Tuesday, May 26, 2009

iPhone Art

This week's The New Yorker features a really cool cover titled "Finger Painting," made by an artist on his iPhone. The best part: the video, showing how this thing was done, conveniently embedded right here:

Sunday, May 17, 2009

The Past as Guide in the NBA

The NBA playoffs are in full swing, but the Conference Finals means that all but four teams are already planning for the future. The NBA itself can’t resist looking ahead, as a defining event for some lucky team, the Draft Lottery, is fast approaching, scheduled for May 19, in beautiful Secaucus, New Jersey. It's worth taking a break from the playoffs to think about how teams arrive at whatever destination marks their fate.

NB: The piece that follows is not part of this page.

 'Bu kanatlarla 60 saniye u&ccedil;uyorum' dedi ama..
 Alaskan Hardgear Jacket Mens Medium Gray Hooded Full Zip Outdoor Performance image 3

A perusal of how franchises are constructed reveals some fascinating patterns. The GMs and coaches have changed--even the owners have flipped for some of these teams--but in many cases teams continue to follow highly idiosyncratic templates.

Take the Texas trio, for example: San Antonio and Houston have been defined for the past quarter-century by No. 1 overall draft picks of the 84 inches and up variety (in addition to the obvious personalities, don't forget about Ralph Sampson). These teams have had the good fortune to be bad in years preceding the professional arrival of franchise centers; the various decision-makers of these franchises have needed to focus only on building supporting casts for these fortuitous focal points. While this precision-awfulness can’t be counted on as a management strategy, these teams have managed to win six out of the past 15 titles.

Dallas, on the other hand, has seemed incapable of building through the draft. The vaunted Triple-J's of the '90's amounted to precious little. Even Nowitzki, the driving force of the franchise for the past decade, was acquired through a trade. The same goes for Nash, Finley, and the current version of Kidd, etc. Josh Howard, Mr. Irrelevant of the first round of the 2003 draft, was an afterthought for most of his own draft. Mark Cuban might have tried to buy the Cubs, but his franchise's method of team building more closely resembles that of the Yankees. And like the team from the Bronx, the aging Mavs team seems to be drifting away from its championship window.

The Celtics have repeatedly built championship-winning teams through a strategy of craftiness. Russell, McHale and Parish were all acquired through trades revolving around the draft. The contemporary team is the only one of my lifetime to betray a hint of a hired-gun championship, with three perennial All-Stars teaming together to win a title. And Larry Bird has not one but two talent-acquisition rules named after him: the Larry Bird Collegiate Rule (which disallows teams from drafting and retaining the rights to players before they are ready to enter the NBA) and the Larry Bird Exception (which allows teams to, basically, exceed the salary cap to resign their own players.) Through the Bird Rules, the NBA has mitigated this Boston advantage, by, respectively, eliminating a loophole and extending a loophole to be utilized by all teams. But the Celtics still maintain one edge: the other GMs of the league can’t seem to stop trading future Hall-of-Famers to Boston.

The Jazz, perhaps befitting their host state, have found a formula that works and have stuck with it for the last twenty years: team a top-notch, pass-first point guard with a power-forward of average height (for the position) but above-average bulk. The current iteration of the team even employs two of these power-forwards, in case the notoriously unfaithful Boozer decides to leave.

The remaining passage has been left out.